::: Data provided :::

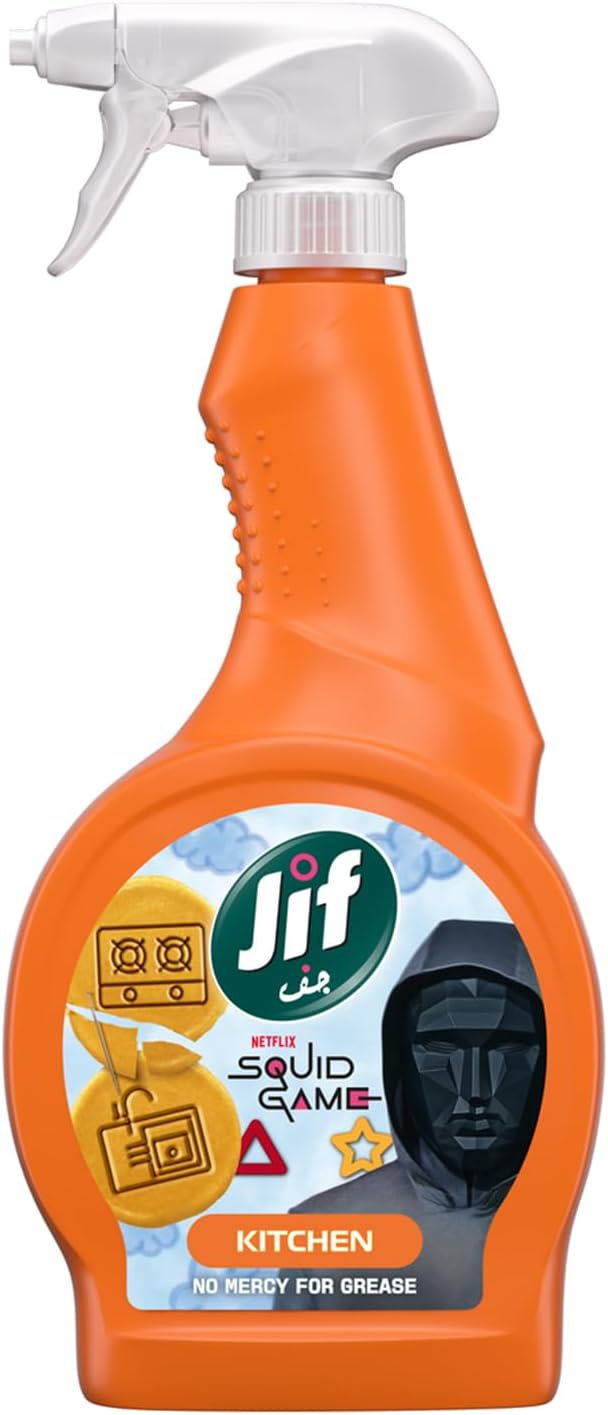 Jif Ultra Fast Cleaner Spray, Kitchen, Squid Game limited edition, no mercy for grease, 470ml — front product image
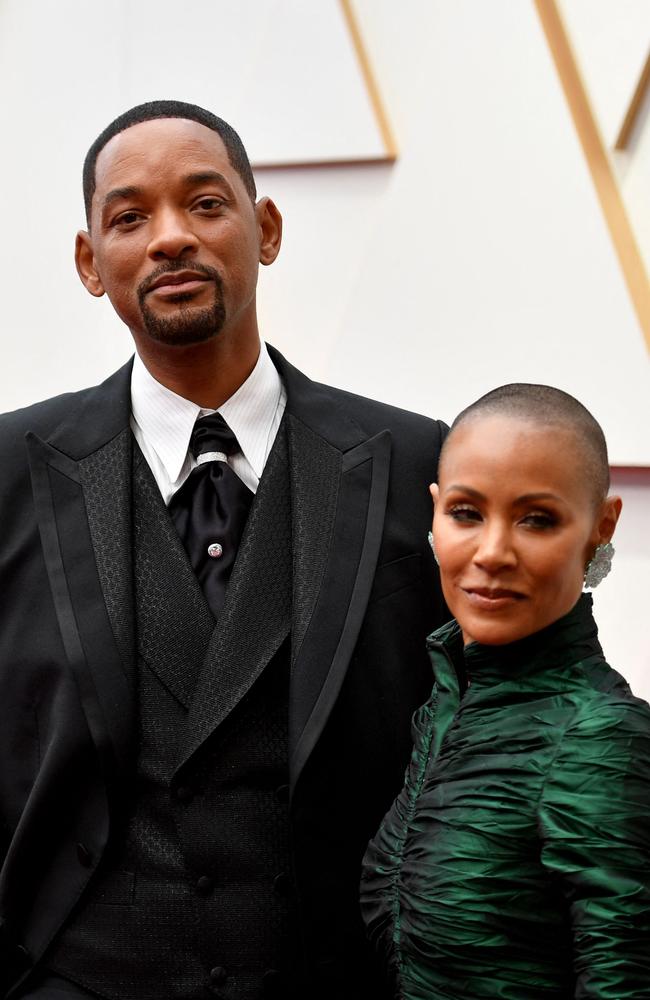 Will Smith and Jada Pinkett Smith on the Oscars red carpet earlier in the night. Picture: AFP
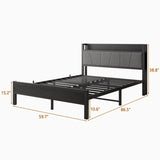 Queen Size Bed Frame, Storage Headboard with Charging Station, Solid and Stable, Noise Free, No Box W840P195212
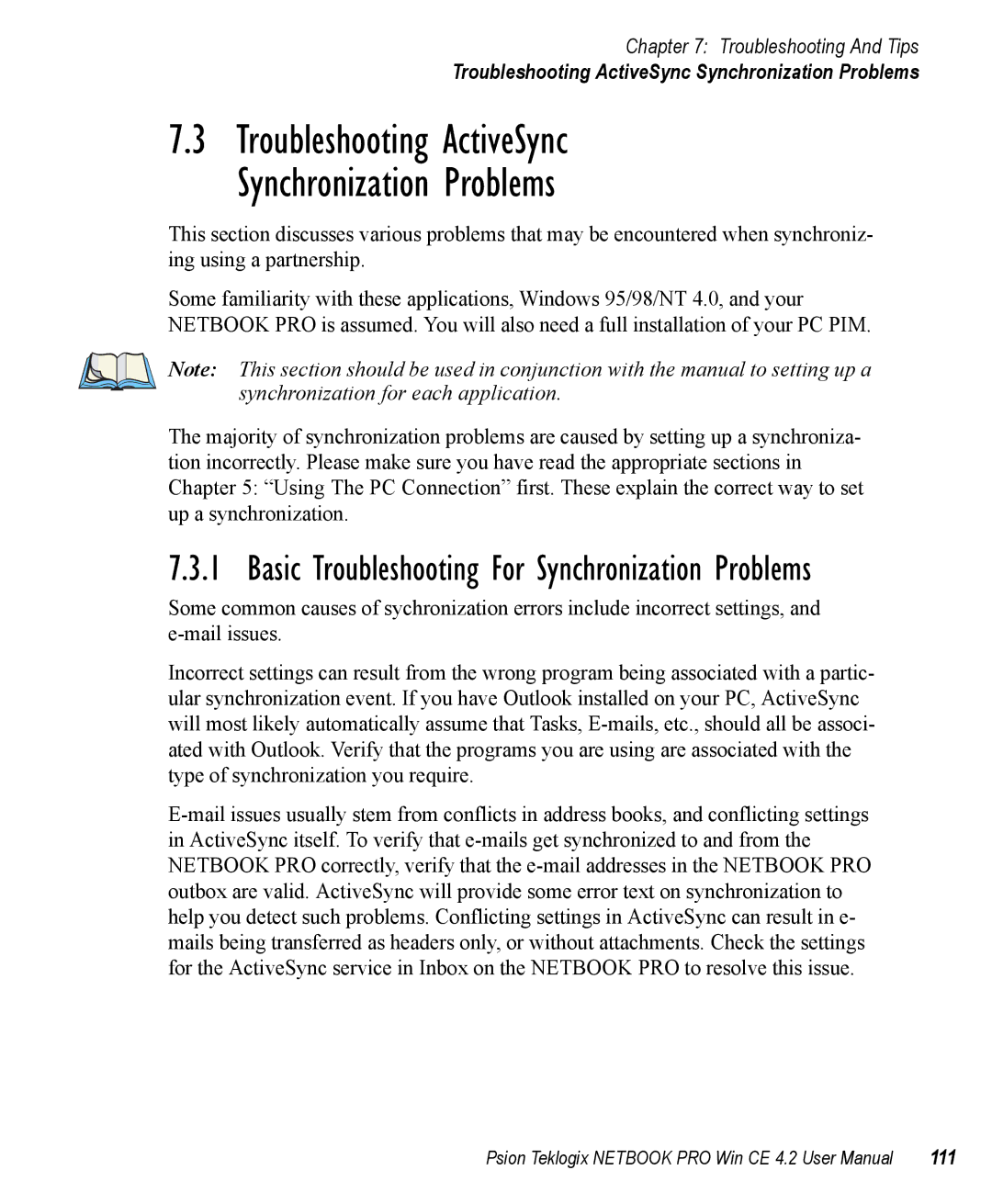 Psion Teklogix Win CE 4.2 user manual Basic Troubleshooting For Synchronization Problems, 111 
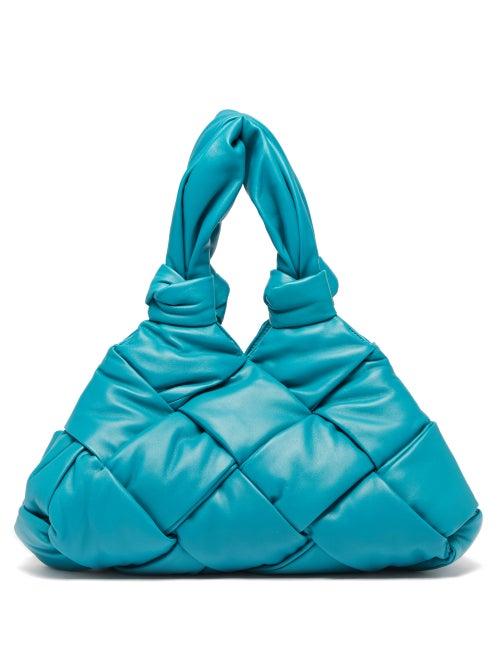 Bottega Veneta - Lock Intrecciato-leather Shoulder Bag - Womens - Blue
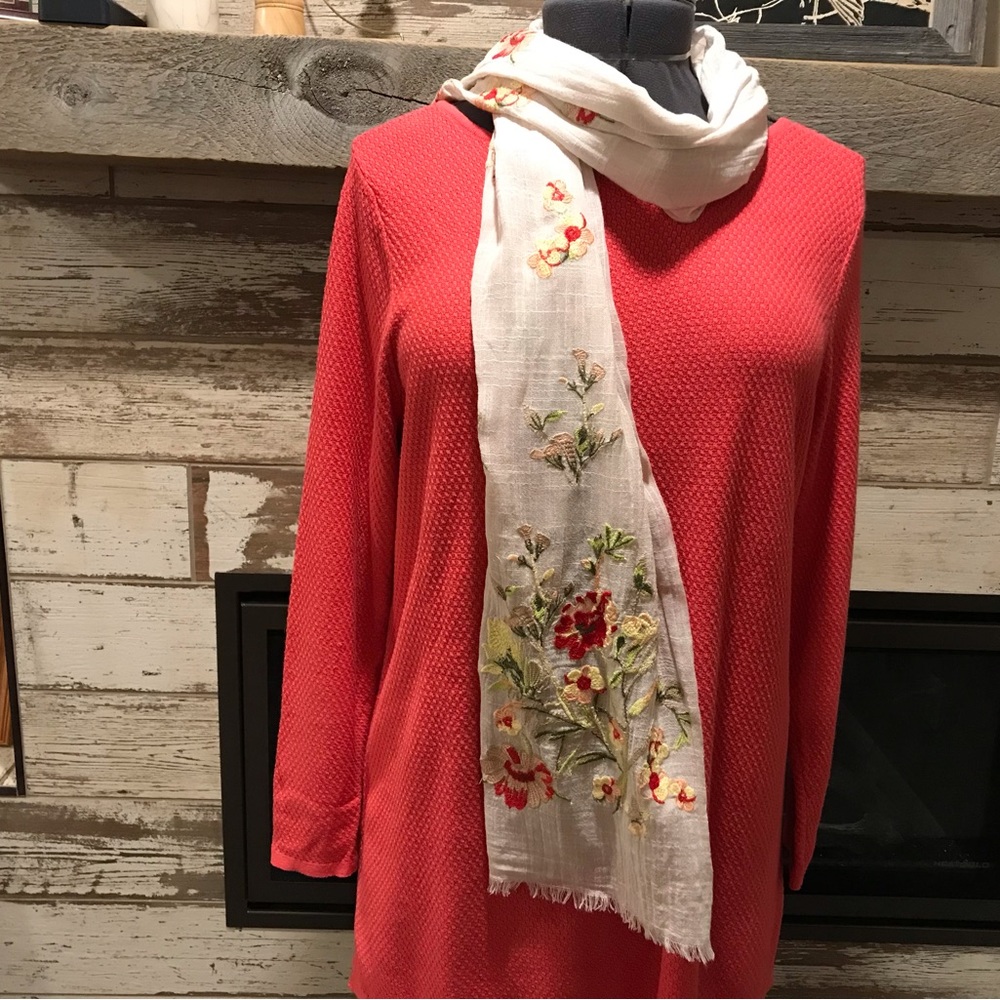 J. Jill Scarf Embroidered Floral 20”x70”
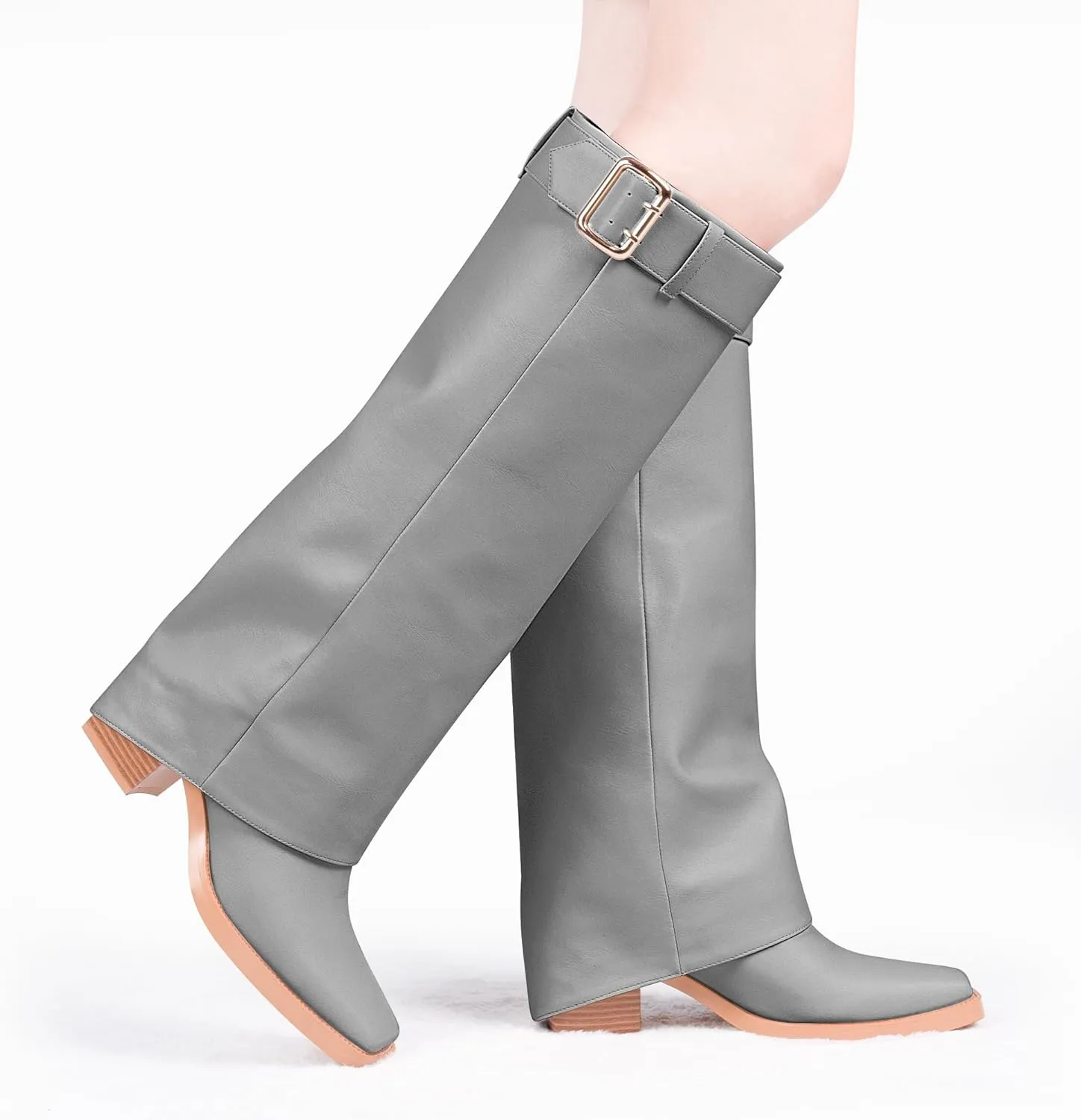 Women's Block Heel Fold Over Knee-High Boots Closed Toe Buckle Slip On Dress Boots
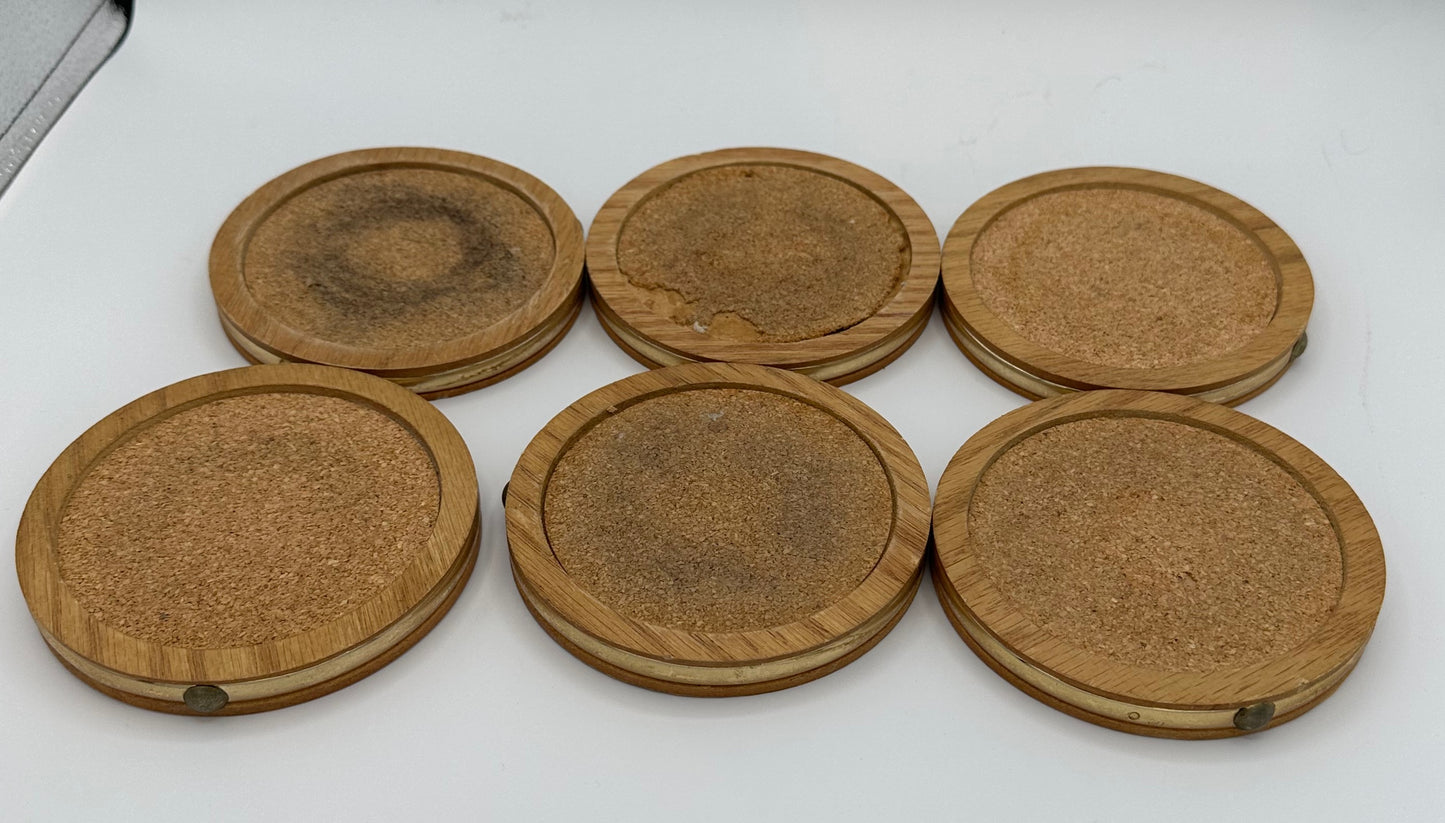 Table Top Wood & Bamboo Vintage Coasters with Brass Rims and Matching Holder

:::

● **What is expected**: Retype, word for word, only the line holding "Will Smith and" and the lines after it through the final line of the listing above, and leave every picture out.

● **Written answer**:
 Will Smith and Jada Pinkett Smith on the Oscars red carpet earlier in the night. Picture: AFP
 Queen Size Bed Frame, Storage Headboard with Charging Station, Solid and Stable, Noise Free, No Box W840P195212
 Psion Teklogix Win CE 4.2 user manual Basic Troubleshooting For Synchronization Problems, 111 
 Bottega Veneta - Lock Intrecciato-leather Shoulder Bag - Womens - Blue
 J. Jill Scarf Embroidered Floral 20”x70”
 Women's Block Heel Fold Over Knee-High Boots Closed Toe Buckle Slip On Dress Boots
 Table Top Wood & Bamboo Vintage Coasters with Brass Rims and Matching Holder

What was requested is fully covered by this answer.